Joaquin Phoenix had long been fascinated by the idea of doing a character study of a super-villain, but didn’t want to commit to a series of films, as taking a role in, say, the Marvel Cinematic Universe would require. Initially not interested in the Joker because he had been done so many times (Cesar Romero in the 1966 TV show, Nicholson, Heath Ledger in The Dark Knight, Jared Leto in Suicide Squad, not to mention Mark Hamill’s incomparable voice work in numerous animated series), Phoenix was put together with Phillips and a beautiful friendship was born.

Phillips and cowriter Scott Silver set the story in 1981 and included Thomas Wayne, father of Bruce, as an antagonistic supporting character. Inspired partly by the origin provided by Alan Moore and Brian Bolland in the 1988 graphic novel The Killing Joke (specifically that the future Joker tried to pursue a career in standup comedy to pay the bills and wasn’t very good at it), but mostly by the Martin Scorcese movies The King of Comedy and Taxi Driver (going so far as to cast Scorcese regular Robert De Niro in a supporting role), the movie showed the evolution of Arthur Fleck into the psychotic killer we know from the comics.
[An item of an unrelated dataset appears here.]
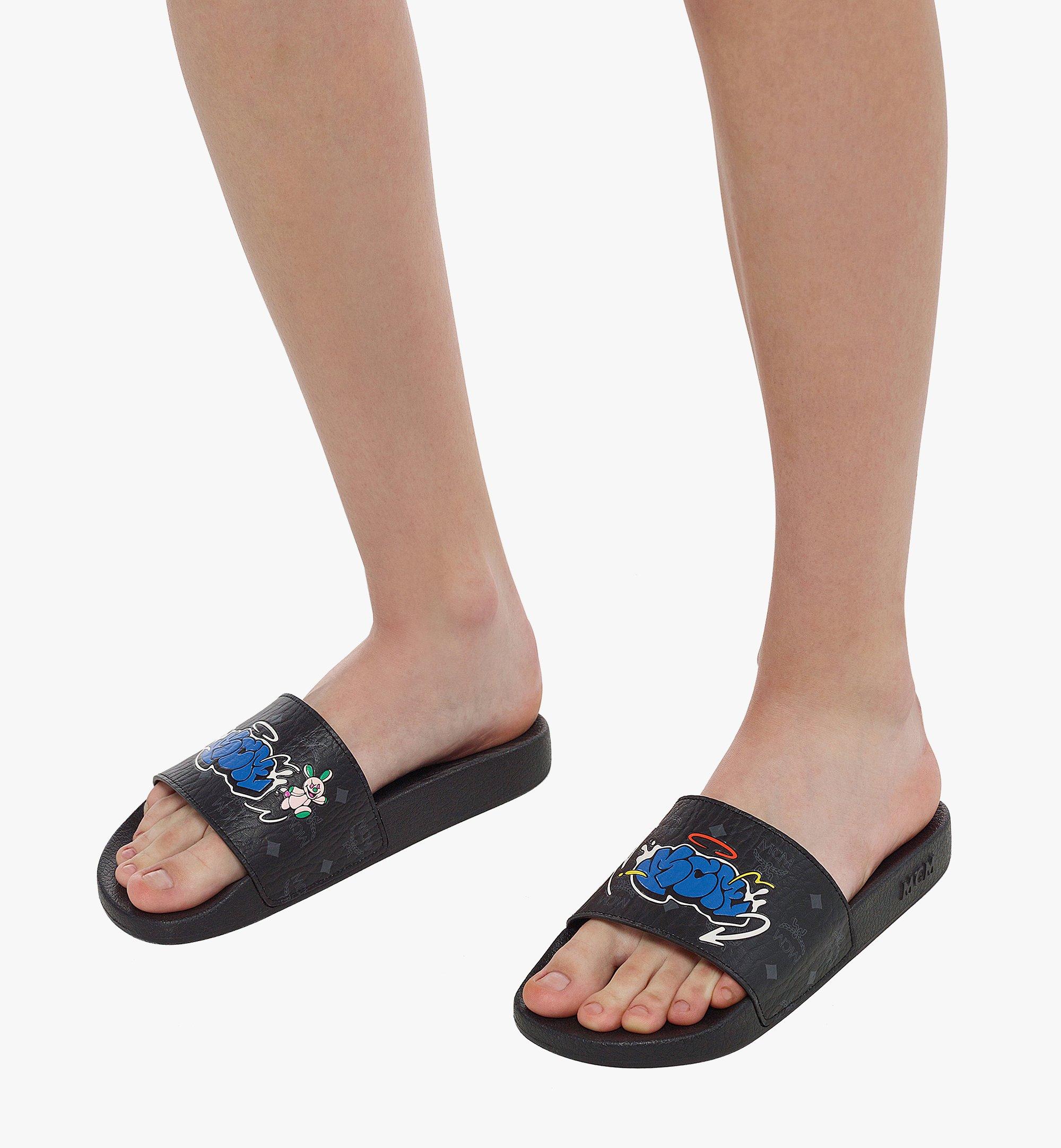 MCM Women’s Haru, Henry, Kaiser Slides in Visetos Black MESCAMM07BK038 更多视角 2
Supporting Phoenix as Fleck are De Niro as Murray Franklin, a late-night TV talk show host who is a combination of Joe Franklin and Jay Leno, Brett Cullen as Thomas Wayne, Zazie Beetz (last seen in this rewatch in Deadpool 2) as Fleck’s neighbor, Frances Conroy as Fleck’s mother Penny, Douglas Hodge as Alfred Pennyworth, Dante Periera-Olson as eight-year-old Bruce Wayne, and in various other roles, Shea Whigham, Bill Camp, Glenn Fleshler, Leigh Gill, and Josh Pais.
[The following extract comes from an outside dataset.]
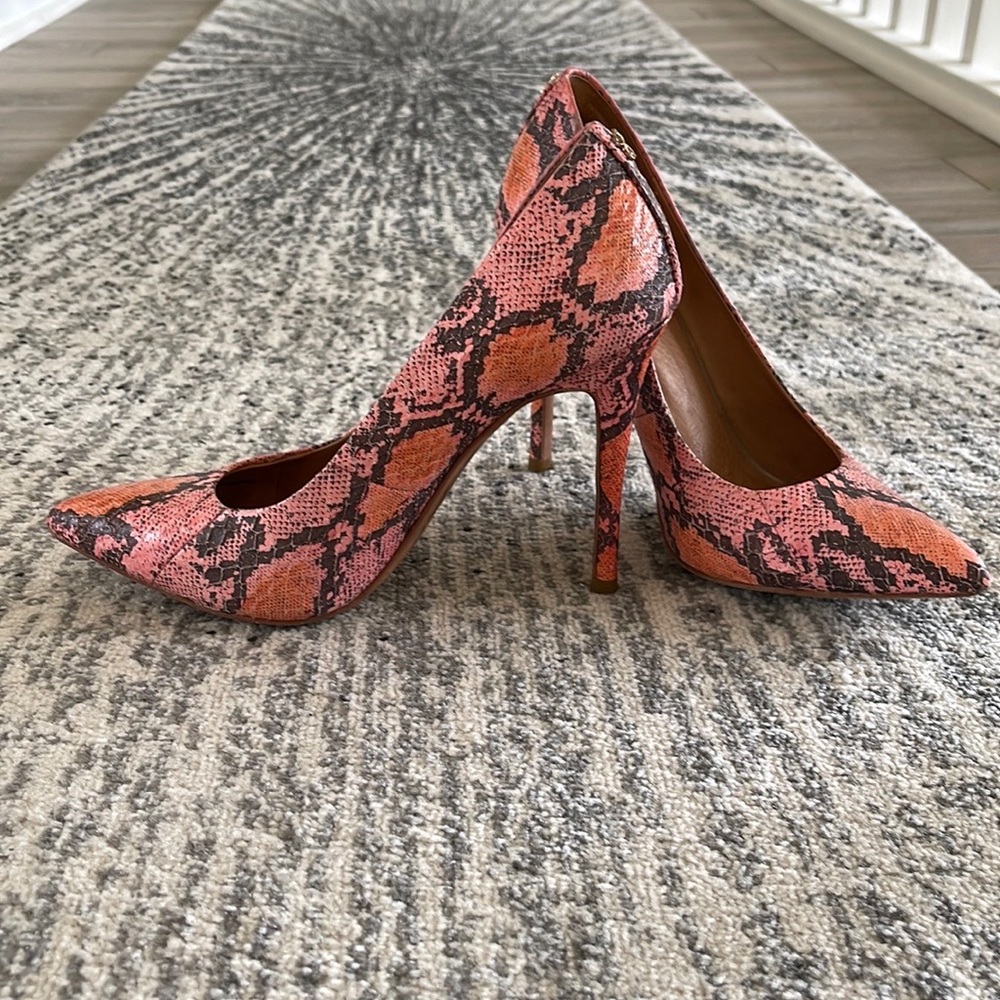 COACH snakeskin pumps heels shoes. Size 7.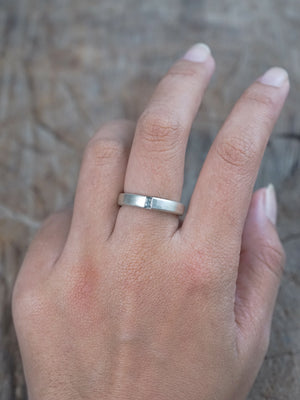 Blue Sapphire Rift Ring in silver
The movie was released to general acclaim from critics and mixed reviews from comics fans. Phoenix has already received a Best Actor Golden Globe, and the movie received an impressive eleven nominations each from both the Academy of Motion Picture Arts & Science and the British Academy Film Awards.

 

“All I have are negative thoughts!”

Joker
Written by Todd Phillips & Scott Silver
Directed by Todd Phillips
Produced by Todd Phillips, Bradley Cooper, and Emma Tillinger Koskoff
Original release date: October 4, 2019

Arthur Fleck (Joaquin Phoenix) in Joker
Screenshot: Warner Bros.

Arthur Fleck is a clown-for-hire in 1981 Gotham City, which is gripped by a garbage strike. He’s having mandatory counseling sessions, following being hospitalized for mental illness. He’s also on several meds, and has pseudobulbar affect,  a condition that causes him to involuntarily laugh out loud whether its appropriate or not. (He has a card he can show people when this happens around strangers, which he has to give to a woman on a bus at one point.)

While working outside a music store that’s going out of business, some kids steal Fleck’s “GOING OUT OF BUSINESS SIGN.” They lead him on a chase through the streets and into an alley where they whack him in the face with the sign (which shatters it) and then kick the shit out of him.
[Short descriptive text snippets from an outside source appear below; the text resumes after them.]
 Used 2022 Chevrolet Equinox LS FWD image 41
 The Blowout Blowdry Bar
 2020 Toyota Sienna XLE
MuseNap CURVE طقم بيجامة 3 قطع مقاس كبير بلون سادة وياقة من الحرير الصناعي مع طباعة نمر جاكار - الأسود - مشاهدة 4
Fleck returns home, where he lives in a tiny apartment in an old, poorly kept building with his mother. His mother, Penny, has been writing letters to Thomas Wayne, for whom she used to work. Wayne is considering running for mayor, and Penny is hoping that Wayne will help them once he learns what squalor they’re living in.

Fleck also has a brief encounter with his neighbor Sophie, a single mother. They have a weird, awkward conversation in the elevator.

Each night, Fleck and Penny watch The Murray Franklin Show, a late-night talk show. Fleck hallucinates being in the audience for the show and being singled out by Franklin, who then calls him up onto the stage and tells him what a good guy he is.

The next day, Fleck follows Sophie to work and around the city.

Randall, one of Fleck’s fellow clowns, commiserates with him over what happened at the music store and then gives him a gun to protect himself. Fleck doesn’t like the idea, but takes it.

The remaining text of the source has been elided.